• **PROMPT**: For the data that follows, return each line unchanged and drop the pictures.

• **RECORDED DATA**:

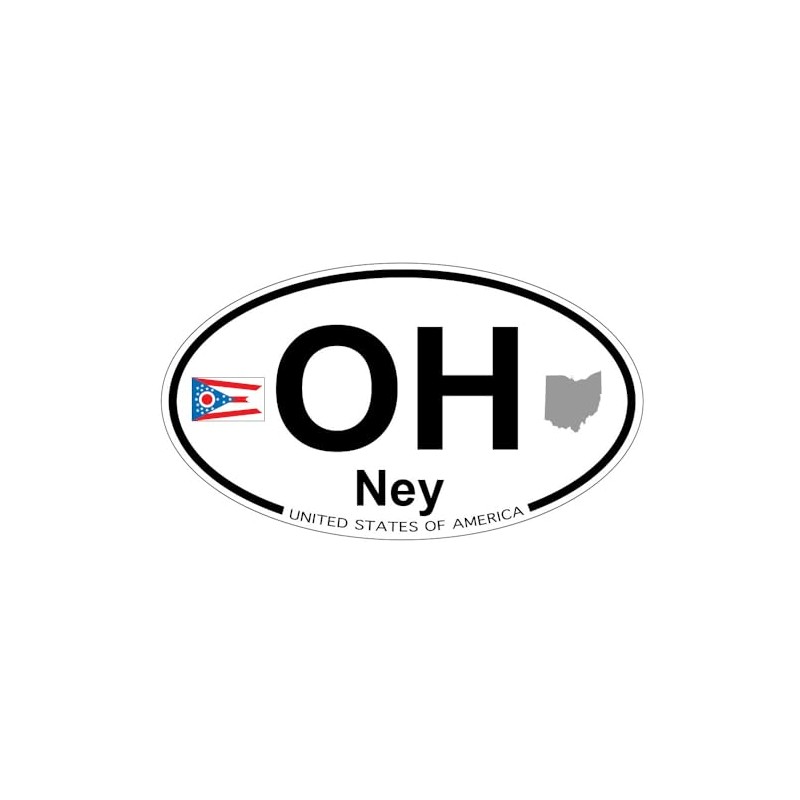 US Decal, Inc. Ney, Ohio Oval Sticker with State Flag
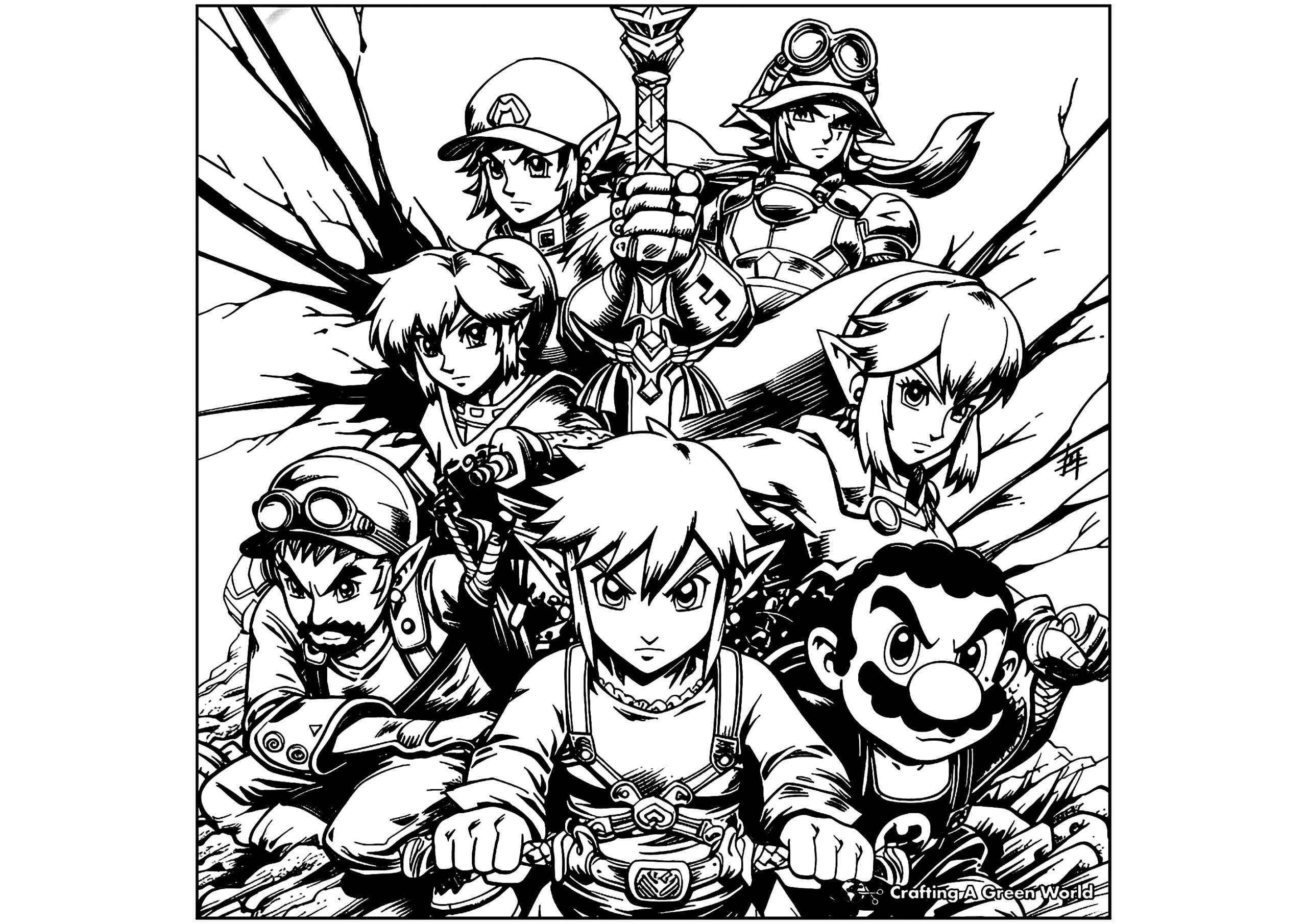 Superb Design Featuring Zelda And Mario Super Smash Bros Coloring Pages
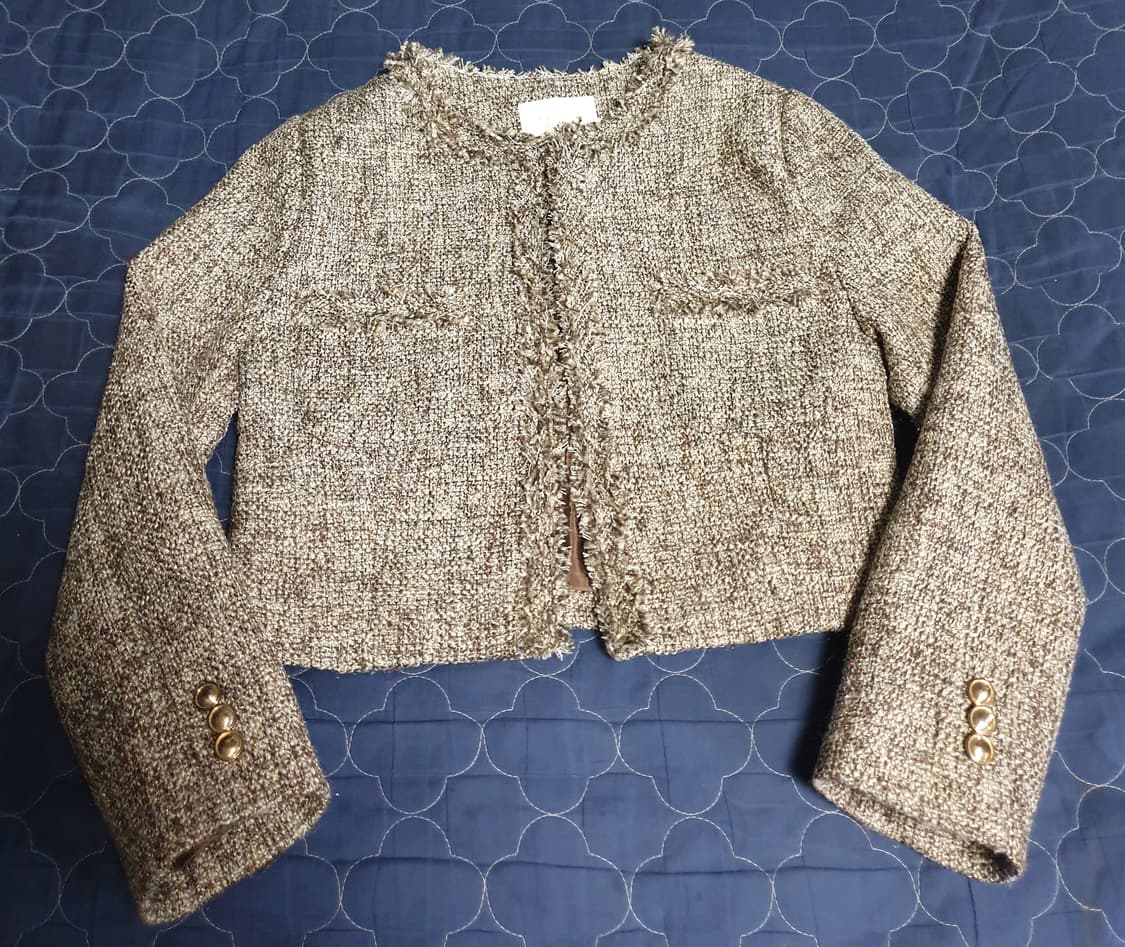 EEYOU 크롭 버튼리스 트위드 자켓 브라운 (F) 상품이미지1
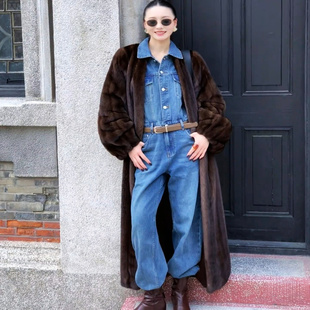 仿皮草外套冬环保皮毛一体大衣女 长款 贵族本纪 仿水貂抽刀灯笼袖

• **RESULT**:
 US Decal, Inc. Ney, Ohio Oval Sticker with State Flag
 Superb Design Featuring Zelda And Mario Super Smash Bros Coloring Pages
 EEYOU 크롭 버튼리스 트위드 자켓 브라운 (F) 상품이미지1
 仿皮草外套冬环保皮毛一体大衣女 长款 贵族本纪 仿水貂抽刀灯笼袖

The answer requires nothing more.